Unlike WiFi that uses radio waves, LiFi is a wireless communication technology that uses light waves to provide an internet connection
Given that visible light spectrum is 10,000 times larger than radio waves LiFi’s speed can be 100 times faster than WiFi
Despite being a much speedier internet technology as compared to WiFi, LiFi implementations are yet to make any dent in India.
Unlike WiFi or wireless fidelity that uses radio waves, LiFi or light fidelity is a wireless communication technology that uses light waves to provide an internet connection. It allows for much faster data transfer and is considered more secure than WiFi. Given that the visible light spectrum is 10,000 times larger than radio waves and hence LiFi’s speed can be 100 times faster than WiFi.
Despite these advantages, Wipro Lighting that partnered with Scotland-based pureLiFi--a global leader in LiFi technology--more than two years ago to develop new applications for the wireless communications and lighting market in Asia, is yet to see commercial success with LiFi in India, acknowledges Vineet Agrawal, CEO of Wipro Consumer Care and Lighting.
He points out that WiFi spectrum is limited but when you use light, the spectrum increases.
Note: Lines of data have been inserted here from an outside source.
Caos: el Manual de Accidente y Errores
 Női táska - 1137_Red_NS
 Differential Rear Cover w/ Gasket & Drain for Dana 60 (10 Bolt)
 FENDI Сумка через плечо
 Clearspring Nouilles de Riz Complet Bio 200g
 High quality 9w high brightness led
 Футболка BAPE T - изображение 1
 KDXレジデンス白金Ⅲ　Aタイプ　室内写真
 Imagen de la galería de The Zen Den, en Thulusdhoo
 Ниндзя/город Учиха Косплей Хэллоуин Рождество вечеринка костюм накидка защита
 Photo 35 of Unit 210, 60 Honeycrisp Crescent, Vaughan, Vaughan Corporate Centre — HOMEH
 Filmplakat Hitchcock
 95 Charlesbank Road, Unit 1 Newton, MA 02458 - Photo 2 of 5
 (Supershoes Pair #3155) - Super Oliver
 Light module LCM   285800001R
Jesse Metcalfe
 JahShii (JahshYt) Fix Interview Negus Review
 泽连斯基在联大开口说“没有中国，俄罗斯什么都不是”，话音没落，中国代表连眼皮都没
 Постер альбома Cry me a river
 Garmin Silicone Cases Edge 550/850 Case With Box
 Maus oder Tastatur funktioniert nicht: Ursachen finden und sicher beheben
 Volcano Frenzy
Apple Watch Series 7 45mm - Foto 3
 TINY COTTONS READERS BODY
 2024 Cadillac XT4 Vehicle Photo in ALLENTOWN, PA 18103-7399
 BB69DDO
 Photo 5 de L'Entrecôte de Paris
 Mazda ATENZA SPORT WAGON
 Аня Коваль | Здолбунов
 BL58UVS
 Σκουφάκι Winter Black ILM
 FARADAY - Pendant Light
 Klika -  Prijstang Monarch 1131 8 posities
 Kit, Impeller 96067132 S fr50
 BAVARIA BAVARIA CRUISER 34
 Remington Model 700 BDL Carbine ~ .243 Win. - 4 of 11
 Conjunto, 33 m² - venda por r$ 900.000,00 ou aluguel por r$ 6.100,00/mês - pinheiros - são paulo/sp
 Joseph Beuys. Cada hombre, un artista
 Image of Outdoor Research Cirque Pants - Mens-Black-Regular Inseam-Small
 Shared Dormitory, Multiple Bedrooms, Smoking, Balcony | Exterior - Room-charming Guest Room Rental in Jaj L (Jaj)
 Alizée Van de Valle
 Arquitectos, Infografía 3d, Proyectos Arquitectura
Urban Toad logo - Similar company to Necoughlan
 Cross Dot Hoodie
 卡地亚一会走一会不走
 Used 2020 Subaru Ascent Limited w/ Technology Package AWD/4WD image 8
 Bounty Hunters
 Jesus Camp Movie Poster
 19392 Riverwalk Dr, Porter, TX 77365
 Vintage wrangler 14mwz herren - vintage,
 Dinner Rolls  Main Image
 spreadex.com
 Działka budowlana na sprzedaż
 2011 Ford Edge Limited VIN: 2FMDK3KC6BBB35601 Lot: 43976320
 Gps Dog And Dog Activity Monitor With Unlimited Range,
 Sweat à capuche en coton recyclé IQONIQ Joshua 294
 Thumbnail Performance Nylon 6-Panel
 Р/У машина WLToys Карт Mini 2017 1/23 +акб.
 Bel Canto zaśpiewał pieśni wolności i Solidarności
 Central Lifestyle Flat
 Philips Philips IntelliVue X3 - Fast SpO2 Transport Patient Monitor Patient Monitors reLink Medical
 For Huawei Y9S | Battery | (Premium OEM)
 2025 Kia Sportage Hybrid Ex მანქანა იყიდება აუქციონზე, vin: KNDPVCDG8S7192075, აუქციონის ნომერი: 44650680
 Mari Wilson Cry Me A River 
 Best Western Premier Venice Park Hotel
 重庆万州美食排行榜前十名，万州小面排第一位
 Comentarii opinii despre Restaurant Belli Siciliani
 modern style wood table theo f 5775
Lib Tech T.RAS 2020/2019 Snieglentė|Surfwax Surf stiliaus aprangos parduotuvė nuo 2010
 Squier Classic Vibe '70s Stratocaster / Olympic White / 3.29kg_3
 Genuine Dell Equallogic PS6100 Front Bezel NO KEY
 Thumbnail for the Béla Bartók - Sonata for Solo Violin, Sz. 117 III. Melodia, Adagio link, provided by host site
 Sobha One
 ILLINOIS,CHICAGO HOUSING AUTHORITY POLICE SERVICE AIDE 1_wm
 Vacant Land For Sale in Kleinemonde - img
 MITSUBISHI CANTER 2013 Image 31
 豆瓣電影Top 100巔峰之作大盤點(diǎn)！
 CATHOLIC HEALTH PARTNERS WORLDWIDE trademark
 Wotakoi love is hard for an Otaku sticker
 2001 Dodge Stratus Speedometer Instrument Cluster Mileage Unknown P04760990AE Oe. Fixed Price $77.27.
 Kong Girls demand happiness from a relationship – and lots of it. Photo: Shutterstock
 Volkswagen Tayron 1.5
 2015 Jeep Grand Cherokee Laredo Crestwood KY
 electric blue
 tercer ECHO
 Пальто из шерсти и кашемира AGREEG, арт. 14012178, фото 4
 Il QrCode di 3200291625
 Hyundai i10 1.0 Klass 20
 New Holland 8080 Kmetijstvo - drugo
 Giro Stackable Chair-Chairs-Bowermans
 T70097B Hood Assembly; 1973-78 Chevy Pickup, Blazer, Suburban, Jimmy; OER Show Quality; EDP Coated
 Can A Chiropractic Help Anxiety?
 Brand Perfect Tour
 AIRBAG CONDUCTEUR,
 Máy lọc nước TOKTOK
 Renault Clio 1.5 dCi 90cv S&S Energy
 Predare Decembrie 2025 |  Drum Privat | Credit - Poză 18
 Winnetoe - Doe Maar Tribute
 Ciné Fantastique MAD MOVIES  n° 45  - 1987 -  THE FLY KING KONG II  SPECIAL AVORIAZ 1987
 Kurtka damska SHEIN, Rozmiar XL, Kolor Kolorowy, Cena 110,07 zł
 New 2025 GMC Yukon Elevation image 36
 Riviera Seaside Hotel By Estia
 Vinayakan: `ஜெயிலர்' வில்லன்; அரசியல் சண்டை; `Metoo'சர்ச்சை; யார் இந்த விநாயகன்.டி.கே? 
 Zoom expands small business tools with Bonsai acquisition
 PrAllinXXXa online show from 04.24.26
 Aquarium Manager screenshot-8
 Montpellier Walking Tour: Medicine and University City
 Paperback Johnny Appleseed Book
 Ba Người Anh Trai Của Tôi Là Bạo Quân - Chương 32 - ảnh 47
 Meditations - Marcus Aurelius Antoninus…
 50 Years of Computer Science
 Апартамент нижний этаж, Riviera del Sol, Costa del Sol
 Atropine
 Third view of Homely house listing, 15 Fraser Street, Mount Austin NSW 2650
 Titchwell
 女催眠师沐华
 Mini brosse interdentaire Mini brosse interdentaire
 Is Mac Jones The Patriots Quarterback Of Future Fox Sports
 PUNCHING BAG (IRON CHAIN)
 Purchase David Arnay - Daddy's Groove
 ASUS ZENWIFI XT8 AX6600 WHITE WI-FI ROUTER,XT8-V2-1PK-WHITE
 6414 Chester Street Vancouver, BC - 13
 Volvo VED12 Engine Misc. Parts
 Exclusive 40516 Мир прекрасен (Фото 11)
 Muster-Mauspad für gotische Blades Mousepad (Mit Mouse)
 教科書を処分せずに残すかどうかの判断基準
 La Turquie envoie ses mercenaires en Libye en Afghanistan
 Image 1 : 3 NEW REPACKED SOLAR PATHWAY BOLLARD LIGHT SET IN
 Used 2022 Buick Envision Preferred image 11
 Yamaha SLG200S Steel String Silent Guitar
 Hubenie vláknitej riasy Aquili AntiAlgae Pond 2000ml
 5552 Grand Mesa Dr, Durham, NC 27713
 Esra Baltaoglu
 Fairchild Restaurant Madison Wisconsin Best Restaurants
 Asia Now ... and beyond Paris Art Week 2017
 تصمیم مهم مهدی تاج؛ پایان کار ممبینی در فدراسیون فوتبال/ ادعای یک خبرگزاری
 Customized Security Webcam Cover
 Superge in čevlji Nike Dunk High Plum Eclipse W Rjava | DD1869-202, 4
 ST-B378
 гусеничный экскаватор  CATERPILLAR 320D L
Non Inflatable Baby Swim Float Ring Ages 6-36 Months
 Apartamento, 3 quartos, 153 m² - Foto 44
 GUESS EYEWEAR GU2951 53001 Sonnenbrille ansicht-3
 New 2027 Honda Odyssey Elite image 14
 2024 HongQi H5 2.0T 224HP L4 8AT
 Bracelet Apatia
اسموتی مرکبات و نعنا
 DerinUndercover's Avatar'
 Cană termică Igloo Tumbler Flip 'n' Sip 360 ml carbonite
Second, data transfer is much faster, and third, data privacy is much higher. "The only disadvantage is that when there’s no light, you can’t get the data," notes Agrawal.
Agrawal believes LiFi solutions will eventually work successfully in sectors like banks where there is huge need for data privacy. “As of now, we have only got pilot installations in areas such as office space and also at a manufacturing site, but it’s a matter of time that it will take off." The technology has a relatively small set of customers as it is driven by need, and the customers that need data security already have ways to protect their data, explains Agrawal. “Cost is also a deterrent, which we are working to bring down," he added.
For instance, a 9W (9 watt) Wipro WiFi-enabled Smart Bulb is priced at Rs.2099 while a standard 9W Wipro LED bulb costs only Rs.240. Other products are similarly priced. On 1 October, for instance, Philips too announced the launch of its ‘Philips Smart Wi-Fi’ LED range of bulbs in India. However, comparisons with LED or WiFi-enabled LED bulbs are not fair since unlike WiFi-enabled LED bulbs that retail in the market, LiFi products are typically business to business (B2B) deals. As an example, PureLiFi has begun offering a LiFi starter kit for small businesses and institutions at the cost of £2500 (about Rs.2.18 lakh at today's rates), excluding delivery and duties.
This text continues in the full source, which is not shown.